• [TRY IT]
When you reach the line in the data below that contains "QR Code for", please start repeating lines exactly, and stop after the line that contains "Mack Treanor Greer-Delarosbel NHBSW MSW RSW", repeating nothing else.

• [DATA EXCERPTS]

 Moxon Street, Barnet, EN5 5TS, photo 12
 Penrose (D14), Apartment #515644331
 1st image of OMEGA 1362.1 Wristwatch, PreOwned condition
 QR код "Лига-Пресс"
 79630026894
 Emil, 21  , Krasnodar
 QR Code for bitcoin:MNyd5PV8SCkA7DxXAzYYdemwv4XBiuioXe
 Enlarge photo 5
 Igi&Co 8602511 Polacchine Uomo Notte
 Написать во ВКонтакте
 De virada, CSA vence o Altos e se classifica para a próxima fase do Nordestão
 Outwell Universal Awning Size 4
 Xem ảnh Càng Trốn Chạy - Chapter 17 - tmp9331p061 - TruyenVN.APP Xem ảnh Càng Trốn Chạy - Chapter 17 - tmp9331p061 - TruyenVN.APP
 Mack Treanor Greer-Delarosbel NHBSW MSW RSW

--

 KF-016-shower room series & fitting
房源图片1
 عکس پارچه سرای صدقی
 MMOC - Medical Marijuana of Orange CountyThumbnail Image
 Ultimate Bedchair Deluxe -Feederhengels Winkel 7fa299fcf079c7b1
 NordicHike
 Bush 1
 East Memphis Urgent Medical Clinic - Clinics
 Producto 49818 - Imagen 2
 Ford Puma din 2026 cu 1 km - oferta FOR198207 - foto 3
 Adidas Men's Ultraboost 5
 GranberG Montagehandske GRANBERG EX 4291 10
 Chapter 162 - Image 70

---

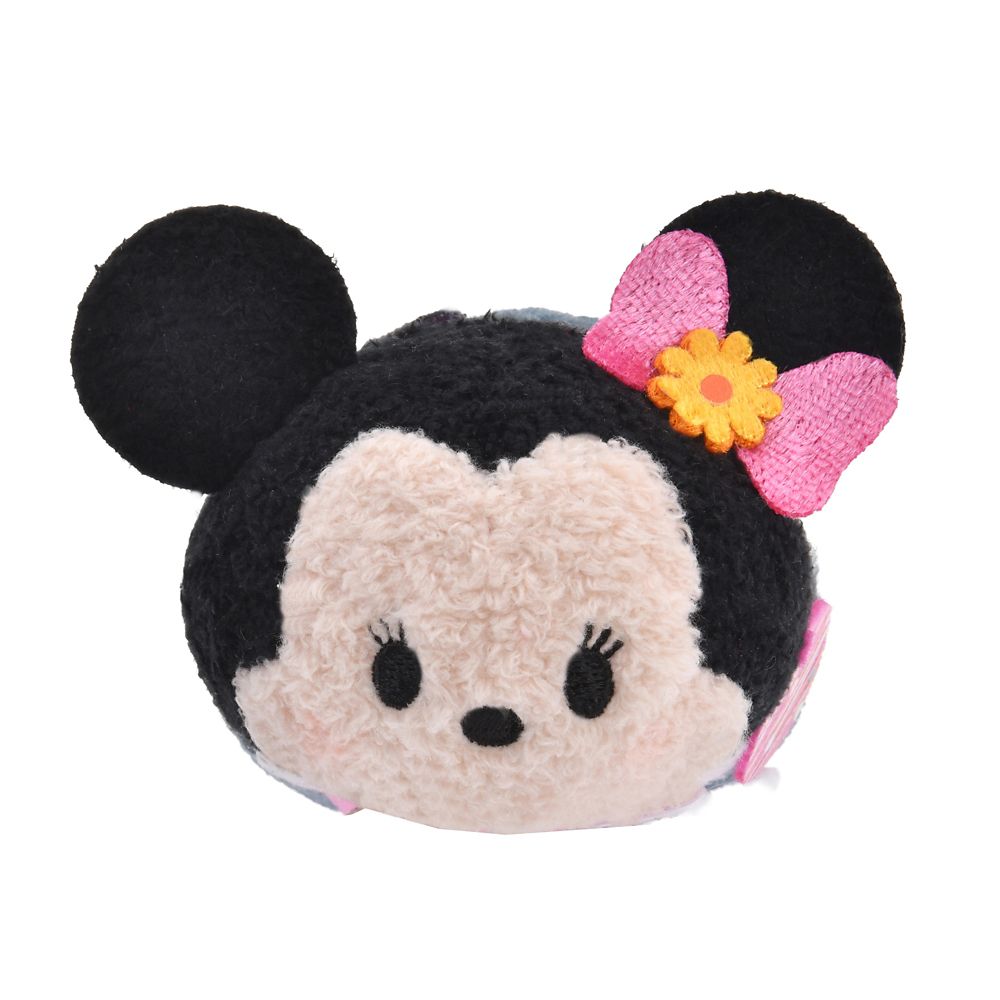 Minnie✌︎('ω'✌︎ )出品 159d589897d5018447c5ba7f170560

• [RESPONSE]
 QR Code for bitcoin:MNyd5PV8SCkA7DxXAzYYdemwv4XBiuioXe
 Enlarge photo 5
 Igi&Co 8602511 Polacchine Uomo Notte
 Написать во ВКонтакте
 De virada, CSA vence o Altos e se classifica para a próxima fase do Nordestão
 Outwell Universal Awning Size 4
 Xem ảnh Càng Trốn Chạy - Chapter 17 - tmp9331p061 - TruyenVN.APP Xem ảnh Càng Trốn Chạy - Chapter 17 - tmp9331p061 - TruyenVN.APP
 Mack Treanor Greer-Delarosbel NHBSW MSW RSW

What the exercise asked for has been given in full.